【内容摘要】 “玩”字发源于原始部落巫觋以玉器祭天的宗教仪式,随着时代的发展,其意义从“以玉通神”演变为“以物通理”,成为对天人合一境域下的心物交流的动态描摹。作为“象喻”思维的范畴,“玩”兼具义理探析和审美娱情两种功能,在借助“象喻”化的运思与言说、深入探究所“玩”之物深刻义理的同时,又能从中获得超脱世俗的审美快感。对古代文艺而言,“玩”是贯穿创作和批评鉴赏始终的审美范畴,既揭示了审美主体同对象之间你中有我、我中有你的心物交融的紧密联系,也体现出审美主体在天人交融、主客一体的精神高度自由的境界中所生出的惬意、悠然的审美心态。
【关 键 词】 “玩” “象喻” 审美 义理
中国古人的物质和思想文化活动,大多在天人合一的境域中进行。作为“三才”之一,“人”并不站在客观世界的对立面来体认世界、理解自身、进行各类物质活动,而是以“观”“照”“体”“悟”等主客一体境域下的心物交通之法,对世间万物作直觉性的体会、感悟式的理解,以及印象式的描述,然后以之作为具体行动的指南与方针。这种悠久的直觉式思维传统,培育出“象喻”这一“独具华夏民族文化特质的思维模式与言说方法”,进而塑造了中国古代文艺重“象”、善“喻”的基本面貌。因此,对中国古代文艺的研究而言,只借助概念或范畴,通过定义和逻辑推理等对文艺作品以及创作和批评鉴赏活动作出解释和评判,往往难以深入问题本质,还要借助“象喻”化的运思与言说,在天人合一的境域中对认识对象加以体悟和把握。而在众多“象喻”思维的产物中,又尤以“玩”最能体现古人天人合一、主客一体的思想传统。
“玩”发轫于中华文明之初,并随着时代的发展而辗转流变,从巫觋文化中的人神沟通之法演变为哲学思辨中的以心观物,最终演化为文艺领域的审美艺术范畴。总体而言,“玩”在不同时代有着不同的内涵,但是无论在哪个时代,“玩”这一范畴都是以立足天人合一的境域为前提而产生其意义与价值的,并与其时代话题紧密相系。因此,我们大抵可以从“象喻”思想传统为切入点,尝试为这一重要范畴进行历史的梳理,找一找其历史中的“连续性”。
一、“玩”字源流:天人沟通中的巫与玉
“玩”字最早见于《楚系简帛》:“玩,天•卜。归玉玩,折车马于悲中。

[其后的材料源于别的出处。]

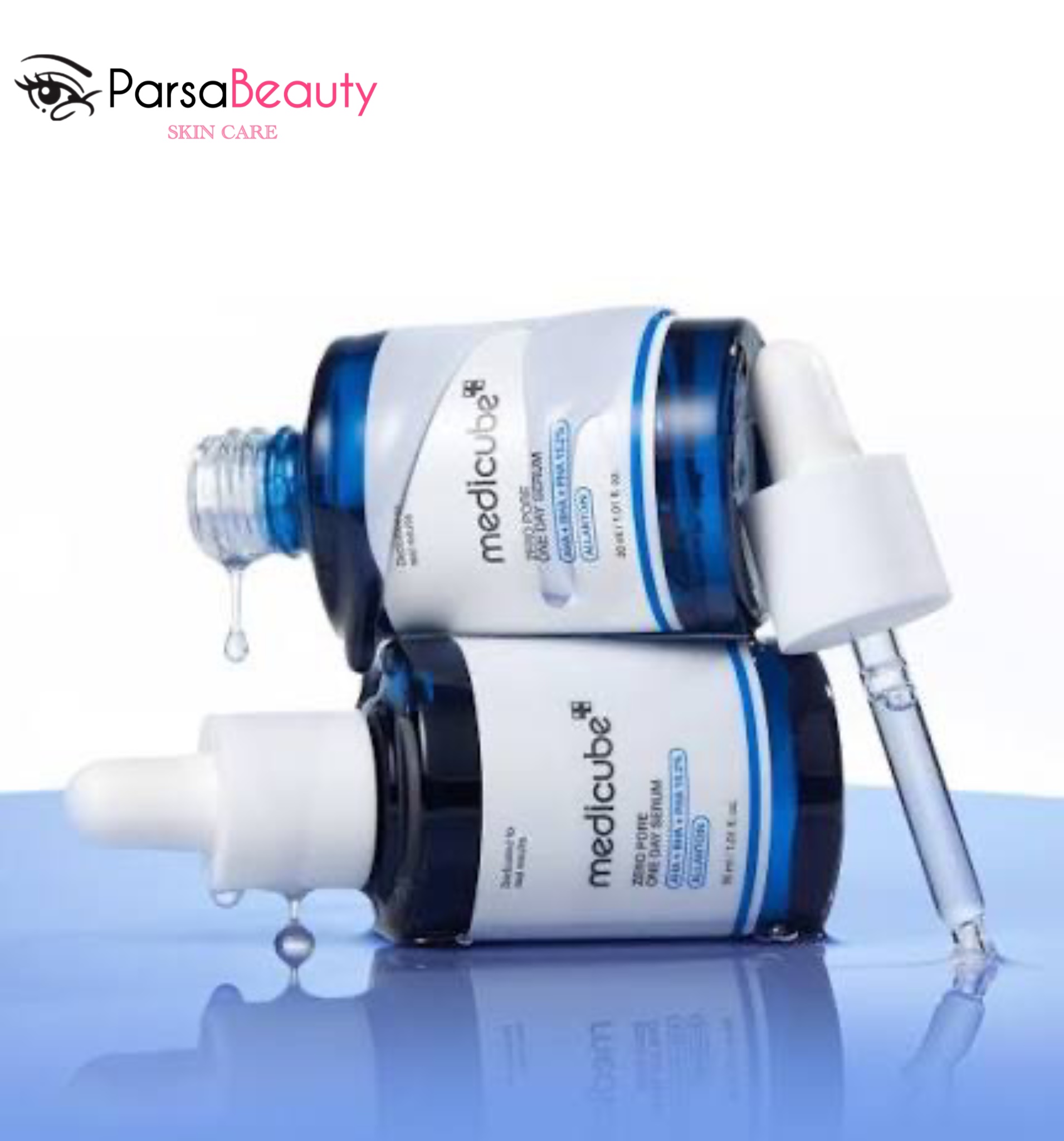 پک سرم ابرسان دوقلو هیالورونیک مدی کیوب Medicube Hyaluronic Daily Serum Duo Set اصل | آبرسان عمیق و تقویت سد دفاعی پوست ۳۰میل
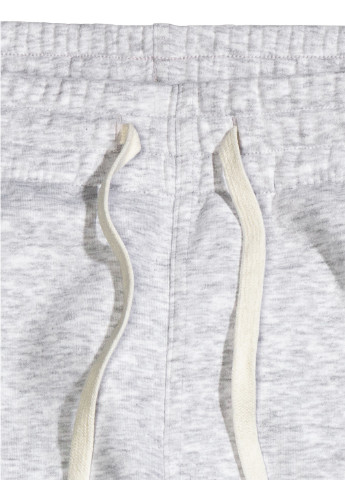 Светло-серые спортивные демисезонные со средней талией брюки H&M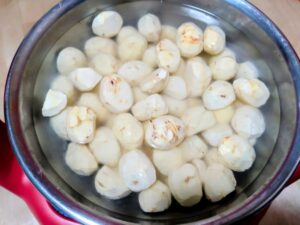 栗ご飯　下ごしらえ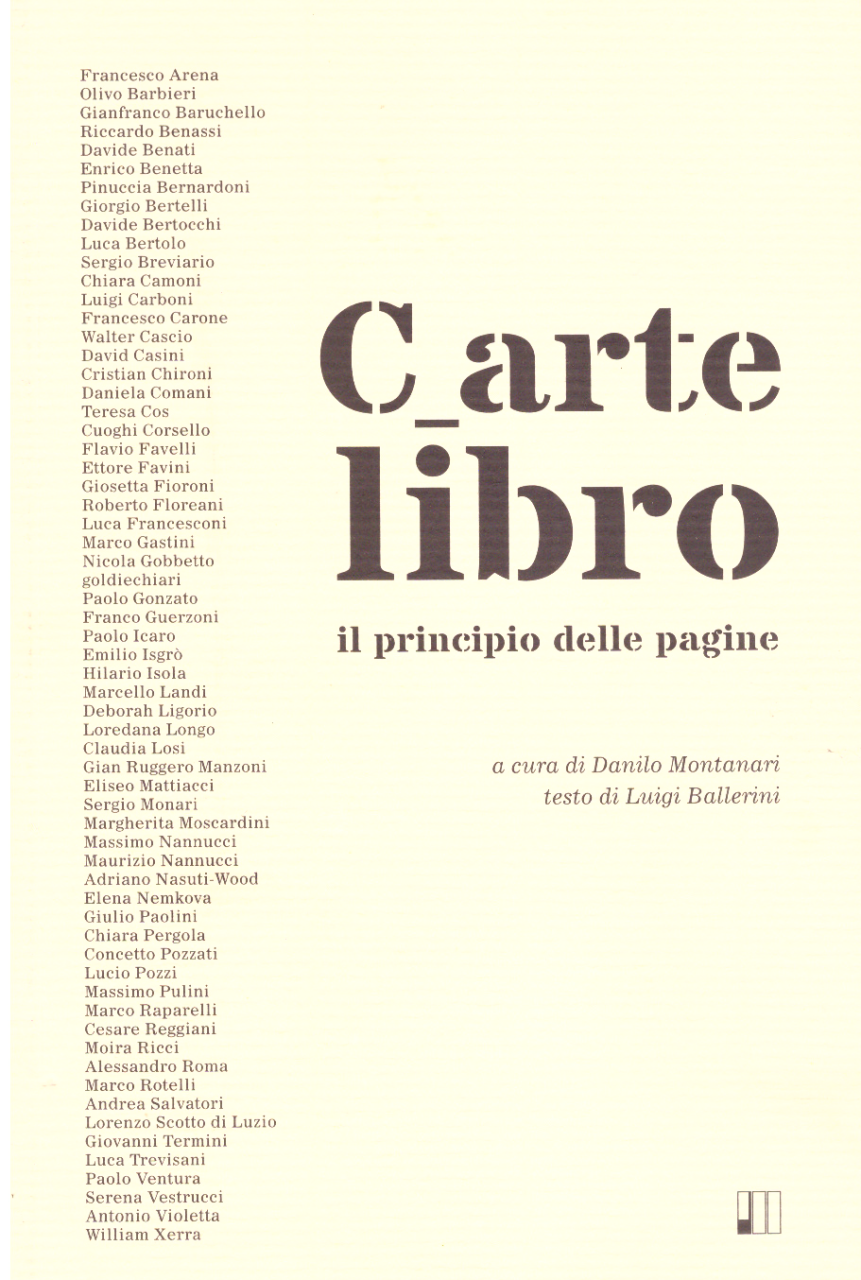 C_artelibro. Il principio delle pagine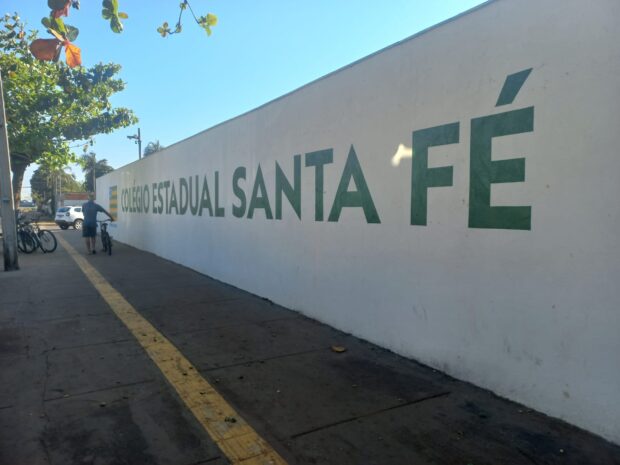 Novo prédio do Colégio Estadual Santa Fé traz modernidade e conforto para alunos e professores. Foto: Reprodução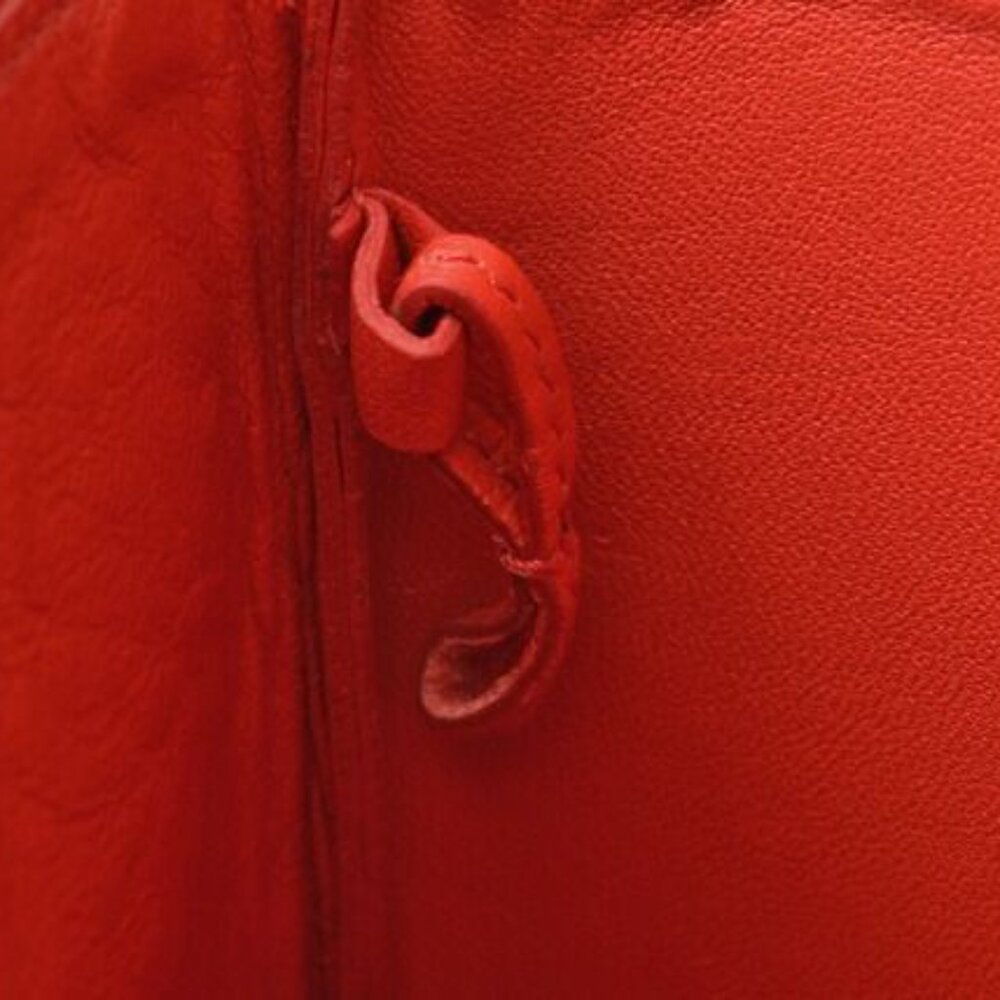 Celine Clutch Pouch Clutch Bag Ipad Case Bicolor Primary Red Beige - Picture 7 of 8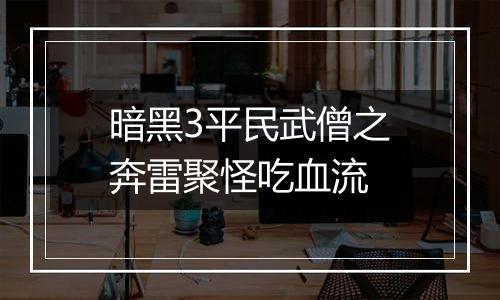 暗黑3平民武僧之奔雷聚怪吃血流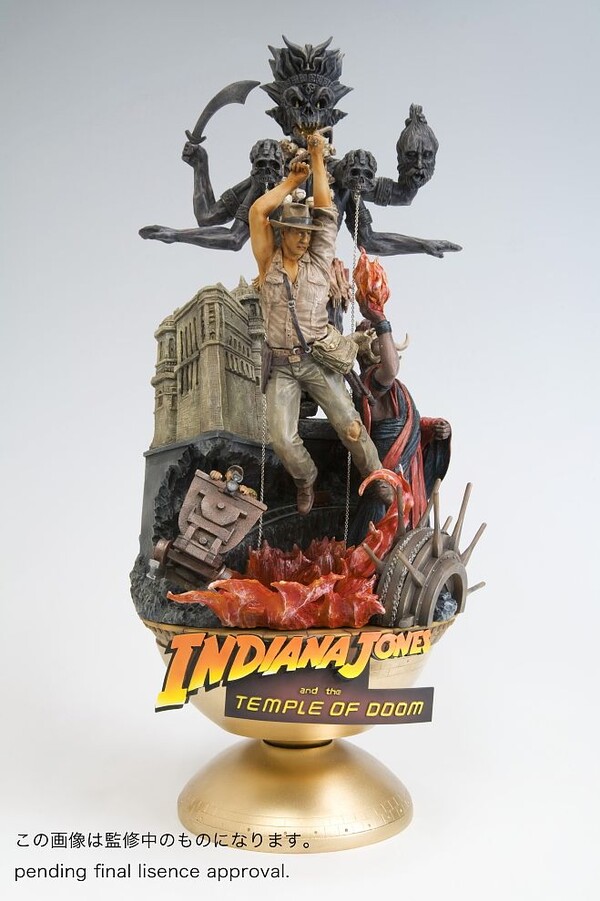 Indiana Jones, Mola Ram, Short Round, Willie Scott, Indiana Jones And The Temple Of Doom, Kotobukiya, Pre-Painted, 4934054900862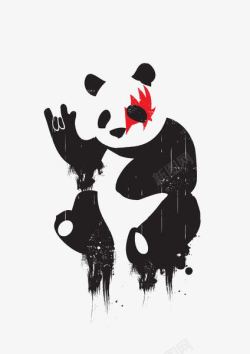 涂鸦创意背景国宝熊猫高清图片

”“玉玩”同“车马”相对,均为祭祀所用,可知此处之“玩”乃玉器一类之祭器。作为名词,“玩”在先秦典籍中多以“玩好”一词出现。如《周礼•玉府》:“玉府掌王之金玉、玩好、兵器。”《韩非子•八奸》:“为人臣者内事之以金玉玩好。”《吕氏春秋•节丧》:“含珠鳞施,夫玩好货宝,钟鼎壶滥,舆马衣被戈剑,不可胜其数。”等等。可见,先秦时期名词性的“玩”多指与玉相关的珍稀之物。“玩”字的动词意义,则同原始社会的巫觋祭祀和占卜活动有着莫大的关系。
……
*本文系2023年度国家社科基金重点项目“‘象喻’批评研究”(项目批准号:23AZW005)的阶段性成果。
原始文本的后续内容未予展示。